Governor and First Partner Visit VA Campus, Meet with California Veterans

WHAT TO KNOW: Governor Newsom and First Partner Siebel Newsom toured a new supportive housing site – meeting with California veterans and VA leadership at the West Los Angeles Veterans Affairs Campus.

LOS ANGELES – Highlighting the historic investments made in behavioral health and housing resources for veterans, Governor Gavin Newsom and First Partner Jennifer Siebel Newsom toured a new supportive housing site at the West Los Angeles Veterans Affairs campus and met with California veterans who are receiving services.

These services, such as housing, have led to unhoused California veterans experiencing behavioral health challenges successfully moving into stable, permanent housing with accessible and affordable services and care for them.

“Our veterans put their lives on the line to serve our country, now we need to serve them in return. Too many veterans can’t escape the battlefront, even here on the home front – and because of that, we have lost too many of these heroes to suicide, while many more struggle with other behavioral and physical health concerns,” said Governor Newsom. “California is building an accessible network of resources for veterans and their families, while we tackle the deadly stigma around mental health that isolates and endangers so many of our heroes. We are home to the nation’s largest population of veterans, who all deserve to be connected, respected, and protected.”

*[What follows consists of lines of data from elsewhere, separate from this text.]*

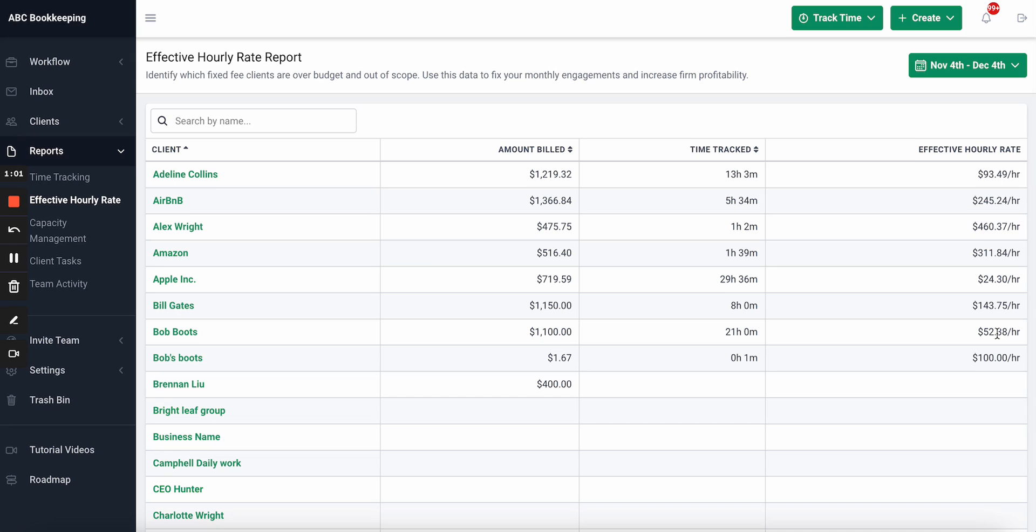Most firms shoot to make anywhere from $75 to $200 an hour, so this will allow you to identify your least profitable clients.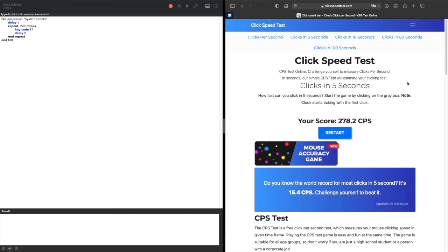Ok, 278.2 clicks per second. So that's quite fast compared to the average human 7 to 10 clicks per second.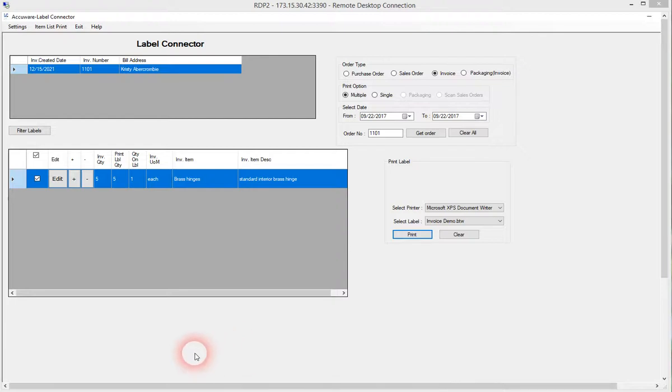Okay, in this video we're going to demonstrate the ability to print general inventory item labels straight from the QuickBooks items list.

“Veterans and their families make tremendous sacrifices, both physically and mentally in heroic service to our country,” said First Partner Siebel Newsom. “It is essential that we honor and support them by ensuring their needs, especially related to mental health, are met when they come home. As we remember and pay tribute to servicemembers we’ve lost, I’m proud that California has remained steadfast, through policies and investments, in our commitment to the veterans who call this state home.”

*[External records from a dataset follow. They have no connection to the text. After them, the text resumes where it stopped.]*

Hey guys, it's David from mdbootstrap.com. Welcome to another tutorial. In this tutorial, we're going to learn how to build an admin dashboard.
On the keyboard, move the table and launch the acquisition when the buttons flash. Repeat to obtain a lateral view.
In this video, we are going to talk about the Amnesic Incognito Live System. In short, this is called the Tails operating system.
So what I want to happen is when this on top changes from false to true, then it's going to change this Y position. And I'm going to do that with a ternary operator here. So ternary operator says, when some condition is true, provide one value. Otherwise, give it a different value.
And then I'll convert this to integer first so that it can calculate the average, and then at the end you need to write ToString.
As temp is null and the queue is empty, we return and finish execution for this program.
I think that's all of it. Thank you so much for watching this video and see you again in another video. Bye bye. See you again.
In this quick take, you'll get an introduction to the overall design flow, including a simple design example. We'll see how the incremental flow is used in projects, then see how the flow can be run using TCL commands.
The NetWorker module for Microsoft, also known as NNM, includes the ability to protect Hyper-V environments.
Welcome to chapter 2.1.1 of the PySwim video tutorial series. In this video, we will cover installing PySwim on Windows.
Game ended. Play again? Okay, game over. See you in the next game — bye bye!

“As Memorial Day approaches, we honor our fallen – those who gave their lives in service to our nation,” said Undersecretary Russell Atterberry. “We also remember their sacrifices by caring for the veterans who are still with us. California is creating more housing for veterans and investing in behavioral health services to ensure the well-being of our veterans and their families.”

California is home to 1.6 million veterans, the most in the nation. Governor Newsom’s investments led to CalVet expanding programs focused on veterans, particularly comprehensive behavioral and mental health services like those offered at the West Los Angeles VA campus.

Key Behavioral Health Programs for California Veterans

  • California Veterans Health Initiative (CVHI): $50 million investment to coordinate state, local, and community resources to amplify education and outreach efforts, while working to increase capacity so we can serve all our veterans in need.

  • Veterans Housing and Homelessness Prevention Program (VHHP): Projects are required to provide onsite supportive services which include intensive case management, mental and physical health care, benefits counseling and advocacy, education and employment services, life-skills training, and peer support – an additional investment of $100 million.

  • Veterans Support to Self-Reliance Pilot Program: $25 million to help California’s most vulnerable veterans with the opportunity to age in place, by establishing a baseline of service that will enable them in stable, independent housing.

  • Behavioral Health Services Program: $1.27 million in ongoing funding to assist County Veterans Service Offices (CVSOs) in enhancing and expanding mental health services through projects that collaborate with the existing community-based system of care.

  • California Transition Assistance Program (CALTAP): Provides in-person and virtual trainings to service members, veterans and their families throughout the state.

  • Behavioral Health at the Veterans Homes of California: The eight Veterans Homes of California have hired more clinical social workers, psychologists, and psychiatrists to ensure behavioral health staffing is commensurate with the needs of current and future residents.